El cazador llevaba una hora huyendo sin percatarse hacia donde iba. El fango le llegaba hasta los tobillos y una nube de mosquitos le rodeaba la cabeza. Agobiado por un excesivo jadeao se vio obligado a detenerse.
Cuando sus palpitaciones volvieron a la normalidad, nuevamente tuvo la sensación de que »Eso» que lo seguía estaba demasiado cerca. Un escalofrío le oprimió el estómago. Si »Eso» lo acechaba ¿qué quería?
El lodo era demasiado pegajoso, parecía estar en una de esas pesadillas en las que corres en cámara lenta sin que ningún esfuerzo sirva de nada.
El crujido de una rama seca lo paralizó. Pudo ver como los matorrales y arbustos detrás de él se agitaban en lo que parecía un vaivén provocado por la brisa. Agudizó el oído y cuando se convencía a sí mismo que estaba solo otro crash lo hizo reanudar la carrera. Se desplazó unos cincuenta metros luchando con sus pies. En ese punto su paso ya era más ligero; tenía agua limpia hasta la mitad las pantorrillas.
Había entrado a una laguna pequeña, poco profunda que tenía unos diez metros de largo y ancho. Era una zona abierta que le permitía ver el cielo cubierto de nubarrones grises.
El corazón le latía en la garganta. Estaba totalmente indefenso. Se ubicó lejos de los matorrales de los que acababa de salir y empuñó su cuchillo de caza: su fiel amigo en varias jornadas de cacería. Su hoja afilada medía treinta centímetros de largo por diez de ancho. Era hora de esperar a »Eso» y pelear cuerpo a cuerpo. Ya estaba cansado de huir y no quería que «Eso» lo cogiera por sorpresa y sin fuerzas.
Llevaba toda una vida cazando pero nunca se había sentido cazado y en ese momento pensó por primera vez cómo se debían sentir los ciervos cuando él los perseguía con su arma. La escopeta que había perdido al intentar bajar por un acantilado mientras huía.
Con un leve temblor en el cuerpo y en posición de guardia observó como »Eso» se detenía detrás del último matorral espeso antes de empezar el claro donde estaba él.
Se trataba de un oso negro, uno cebado por la carne humana, un cazador de hombres experimentado, el cual en solo tres movimientos estaba lanzando un primer zarpazo sobre su brazo izquierdo.
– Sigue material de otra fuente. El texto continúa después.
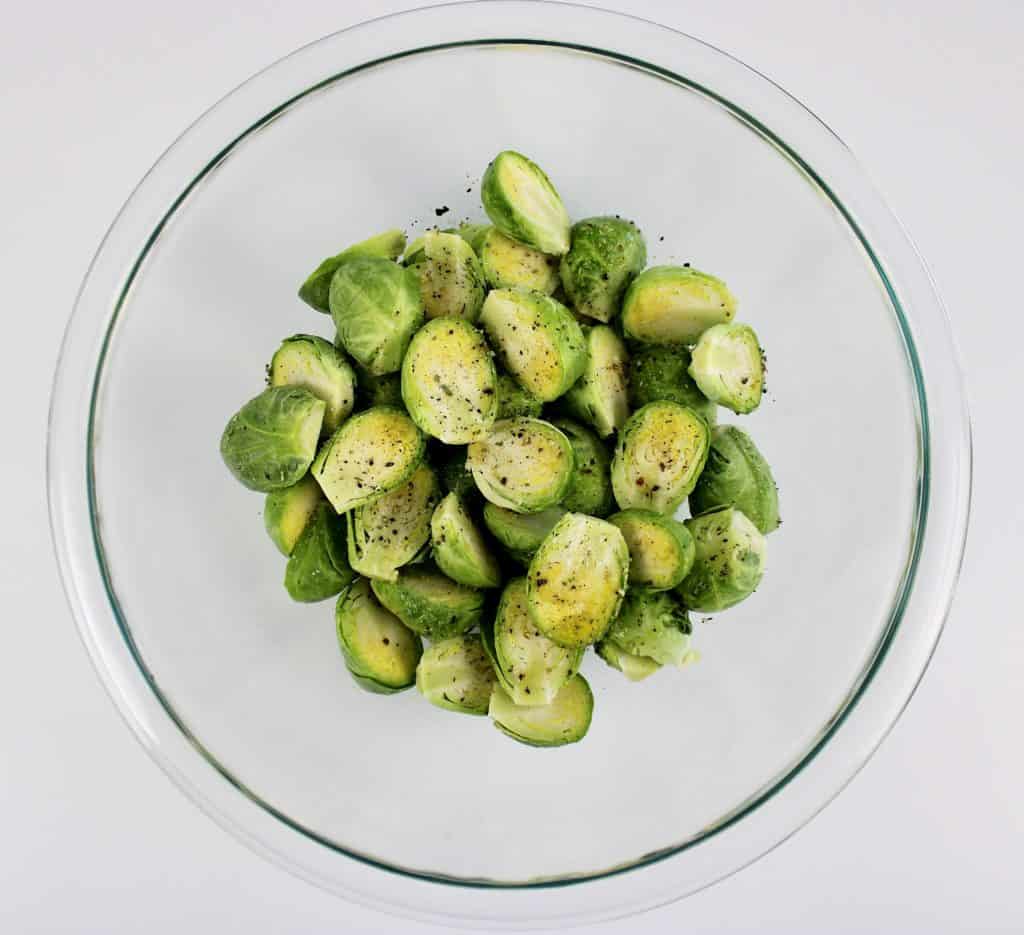 Brussels sprouts cut in half in glass bowl with salt pepper olive oil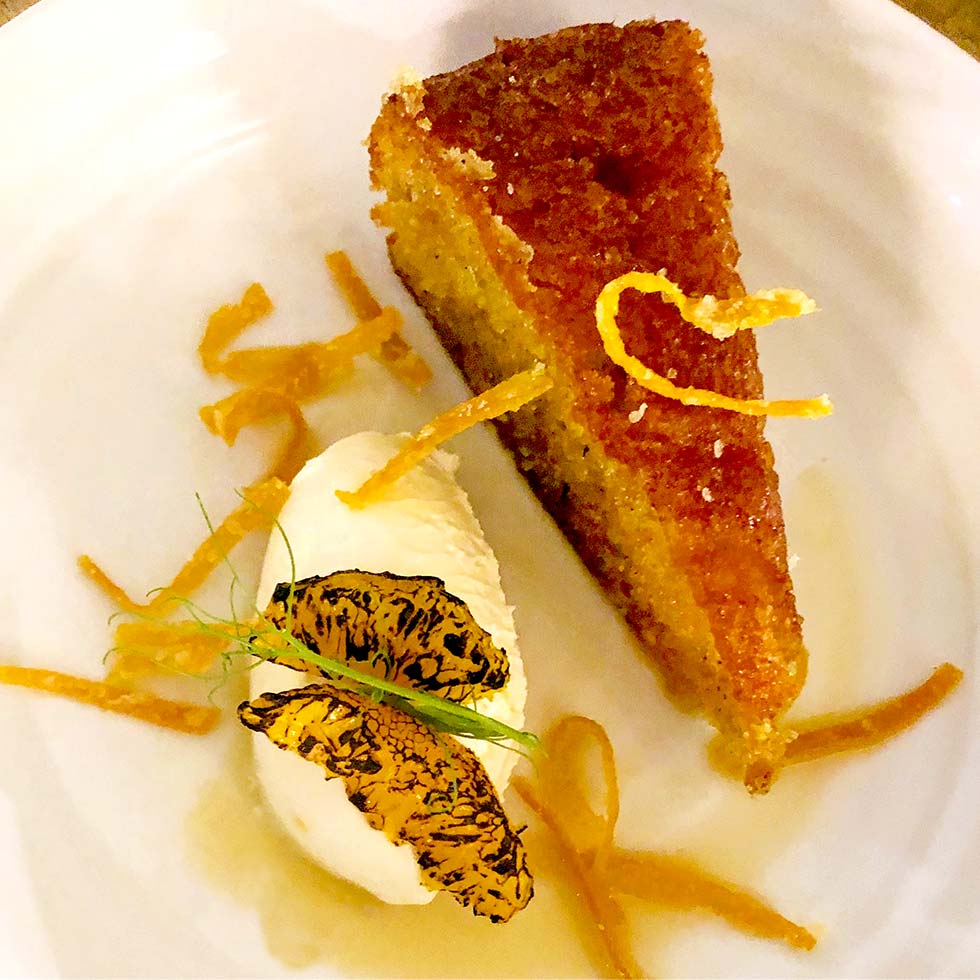 A slice of golden syrup cake garnished with thin orange zest strips, served with a scoop of vanilla ice cream and caramelised orange slices on a white plate.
Rodó por el suelo y su sangre comenzó a emanar resbalando por todo el brazo hasta caer al suelo.
Por fortuna aún tenía el cuchillo apretado en su mano y cuando el oso se le puso encima mordiéndole el brazo herido, Roger con la fortaleza de cualquiera que lucha por su vida lo acuchilló en la cara, el hocico, la mandíbula y por el costado. El gruñido era ensordecedor; resoplaba furioso. Lo rasguñaba y pivotaba como a un muñeco. Medía al menos un metro y medio de altura, un poco menos que Roger y pesaba unos setenta kilogramos, también menos que él.
De un mordisco le arrancó la nariz y parte la boca. Había mucha sangre tanto que se le empañó la visibilidad. Roger como pudo se limpió los ojos y con escasa visión le enterró profundamente el cuchillo en el cuello al oso y éste gimió de dolor retrocediendo con el cuchillo obstaculizando su respiración hasta desaparecer en el interior del bosque.
El cazador se alegró de ser vencedor pero por los destrozos que tenía en su cuerpo sabía que no saldría de ese bosque jamás.